29 Aprile 2008
SCIOPERO DEL PROSCIUTTO IN DIFESA DEL MADE IN ITALY

Coldiretti Piemonte aveva portato le proteste del comparto direttamente in piazza con una grande
manifestazione già nei mesi scorsi, al grido di “Non fate i salami, salviamo la suinicoltura italiana”.
Oggi, le difficoltà aumentano e gli allevatori hanno deciso di attuare lo sciopero del prosciutto di fronte all’impossibilità di far crescere maiali di qualità che vengono pagati appena 1,07 euro al chilo, ben al di sotto dei costi di produzione.

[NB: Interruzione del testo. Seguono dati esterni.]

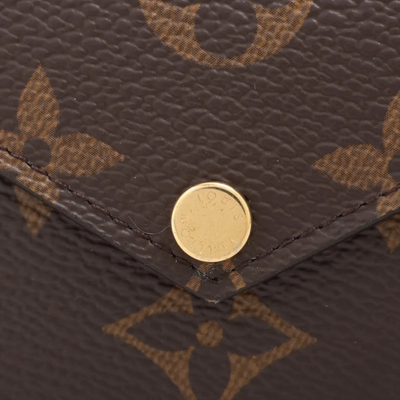 $695 Louis Vuitton Monogram Porto Cartolecto Verso Black × Brown 10021123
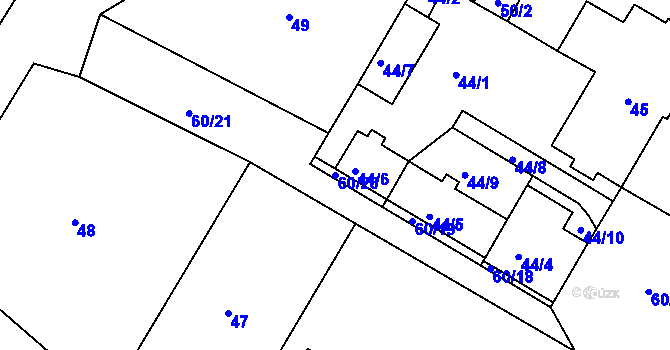 Parcela st. 60/20 v KÚ Lednice na Moravě, Katastrální mapa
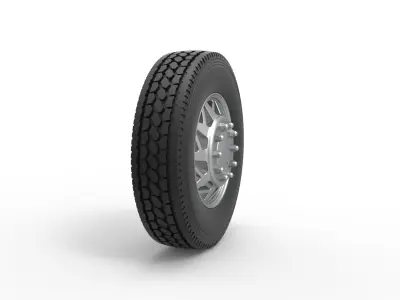Front custom wheel of semi truck Version 14 Scale 1 to 25 3D print model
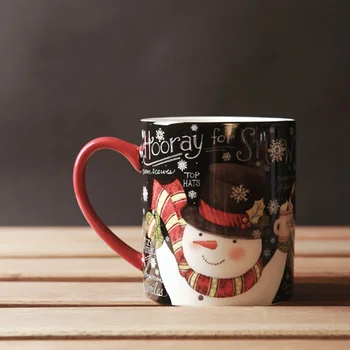 Visoka Kakovost Božič Keramične Skodelice težav poiščete Porcelana Snežaka Skodelico Kave Zakka Zgostitev 450 ml Črno Rdeče Skodelice in Vrčkov na Debelo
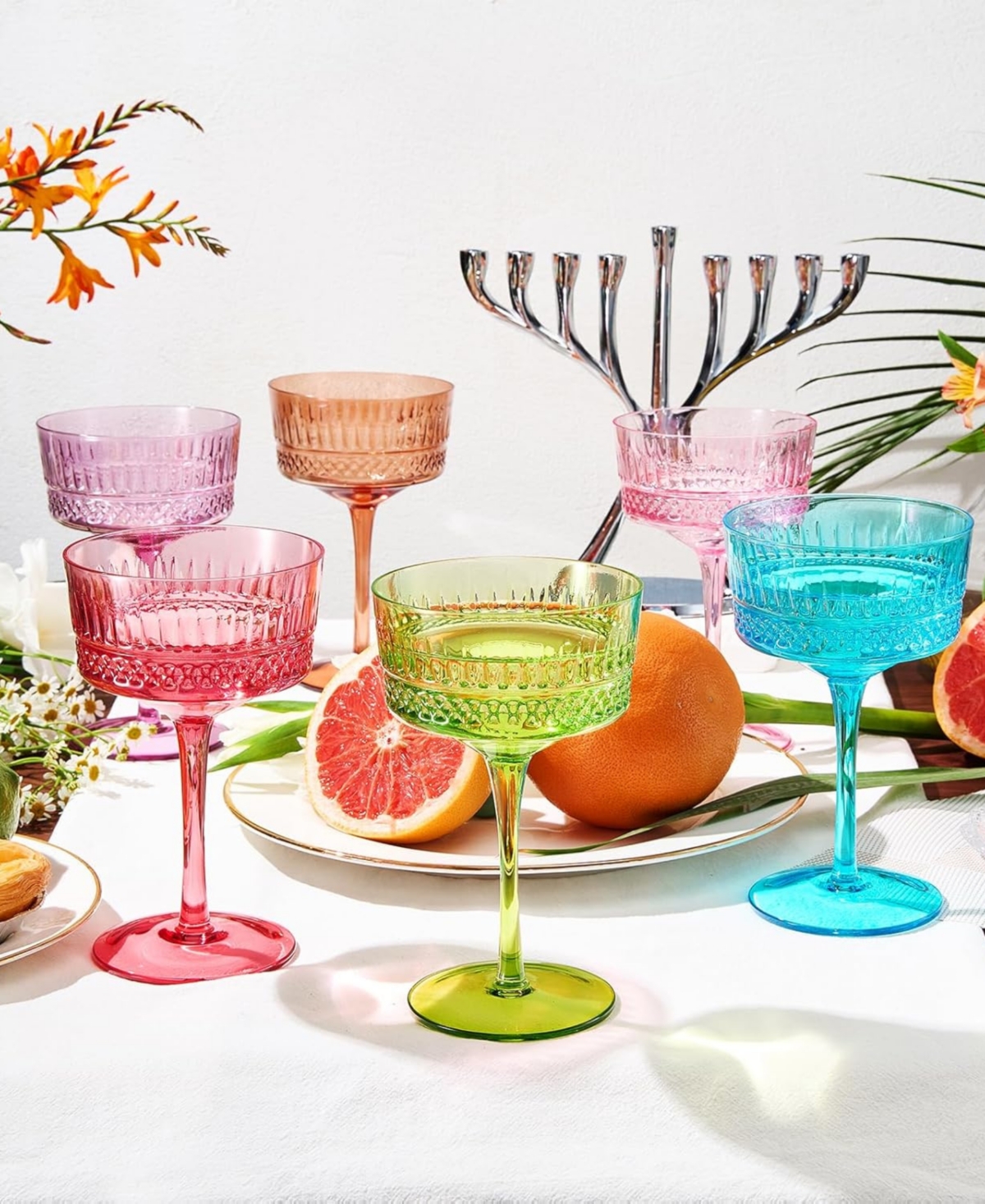 The Wine Savant Art Deco Vintage Goblet Cocktail Glasses, Set Of 6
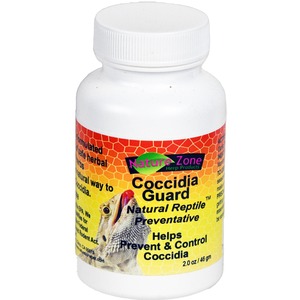 White plastic bottle with orange-yellow label reading Nature Zone Coccidia Guard, a natural reptile preventative.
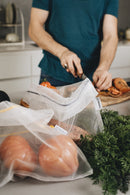3 reusable but also COMPOSTABLE produce bag to carry your fruits and vegetables directly from the shop to your fridge. Corn star  version, 1 bag with yellow trim, 1 with green trim and 1 with blue trim.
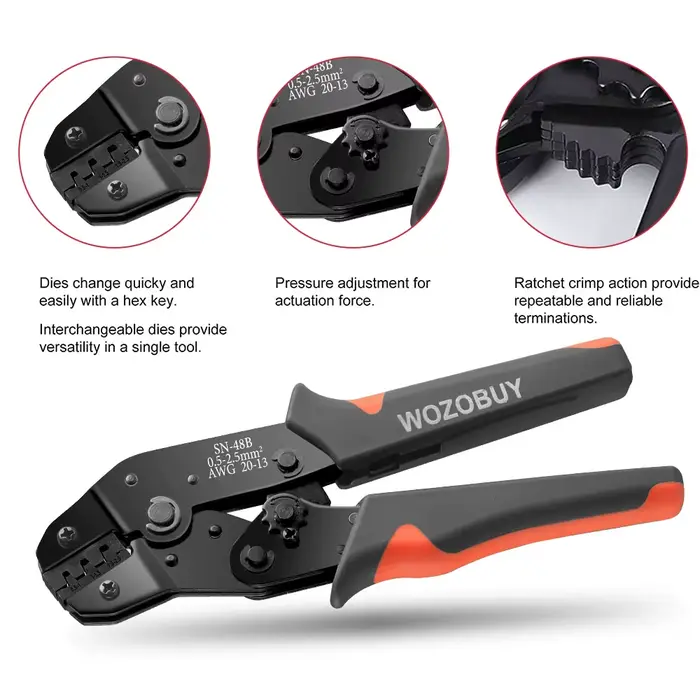 WOZO-Outils de sertissage de broche SN-48B 2.8mm, 4.8mm, 6.3mm, 0.5mm, pince à sertir 22-13AWG 2.5-m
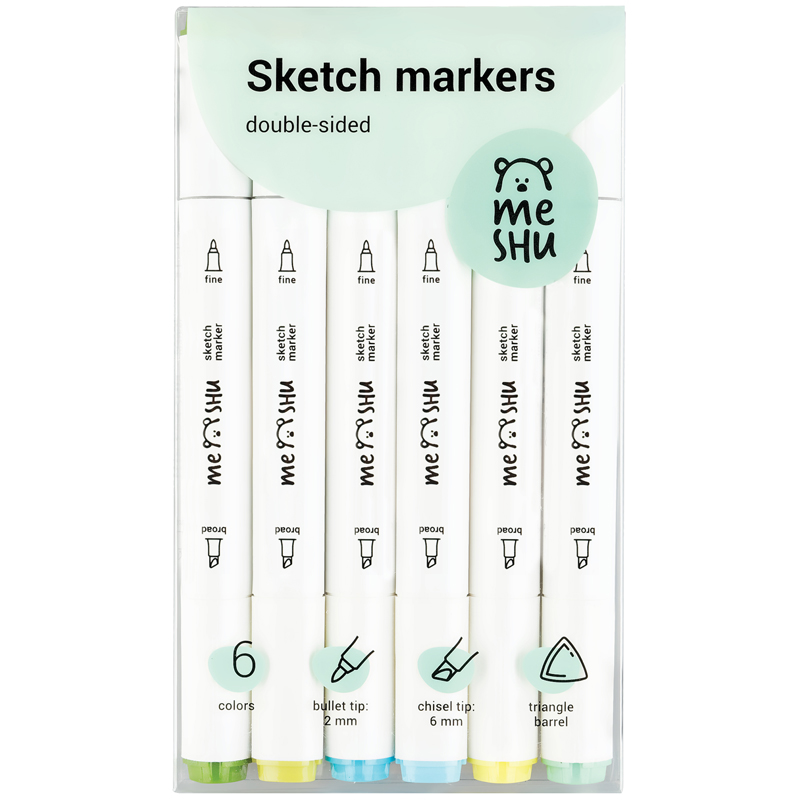Набор маркеров для скетчинга MESHU,  6 цветов, 2-6 мм, двусторонние, морские цвета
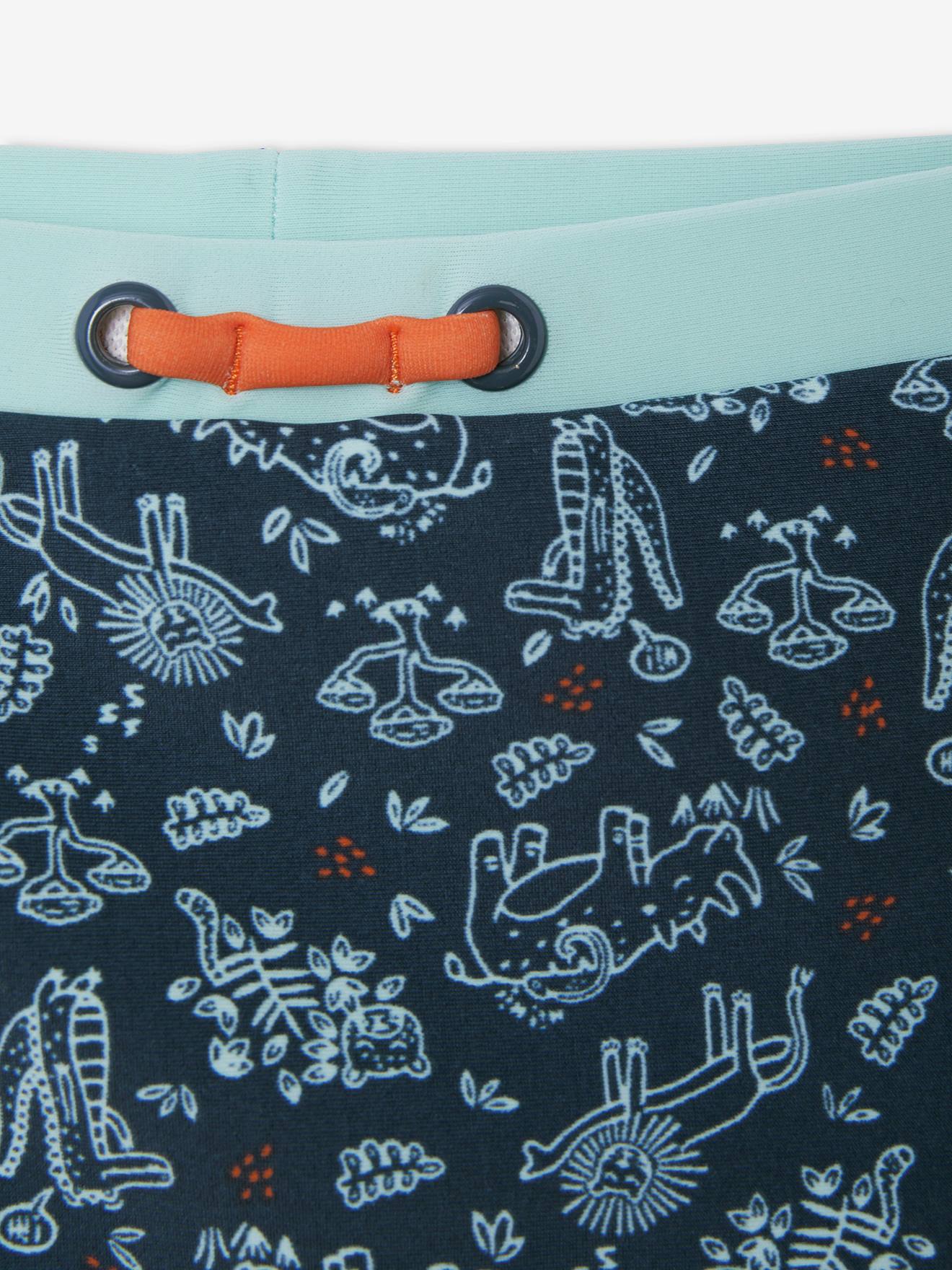 Boxer de bain imprimé dinosaures bébé garçon bleu jean imprimé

Gli allevatori hanno infatti annunciato che non verranno più consegnate assieme ai maiali le certificazioni di qualità che consentono la commercializzazione del prosciutto a marchio d’origine. Una azione che rischia di provocare la scomparsa di prosciutto certificato Made in Italy dalle tavole degli italiani. Nel 2007, grazie al lavoro di 4.987 allevamenti italiani, sono stati prodotti in Italia oltre 9,5 milioni di prosciutti di Parma Dop per i quali gli italiani hanno speso 1,3 miliardi di Euro mentre il giro di affari ha raggiunto i 400 milioni di Euro all’estero, dove si è verificato un aumento record delle vendite in quantità con un incremento del 9 per cento. Nel biennio 2005-2007 secondo il Consorzio le vendite hanno registrato una crescita in volume pari al 5,1 per cento con il prezzo medio al consumo del Prosciutto di Parma che è stato pari a circa 24,34 euro/kg. Nonostante questo, il compenso riconosciuto agli allevatori è sceso a 1,07 euro al chilo mentre sono drasticamente aumentate le spese per l’alimentazione degli animali con un balzo fino al 40 per cento dei costi di cereali e oleaginose ai quali si sono aggiunti rincari anche nelle spese energetiche e la necessità di investimenti nelle strutture e nei mezzi aziendali per ottemperare agli obblighi comunitari. Nella forbice tra prezzi alla produzione e al consumo c’è un sufficiente margine per garantire una adeguata remunerazione agli allevatori e non aggravare i bilanci delle famiglie, ma occorre lavorare sulla trasparenza dei prezzi e della informazione ai consumatori.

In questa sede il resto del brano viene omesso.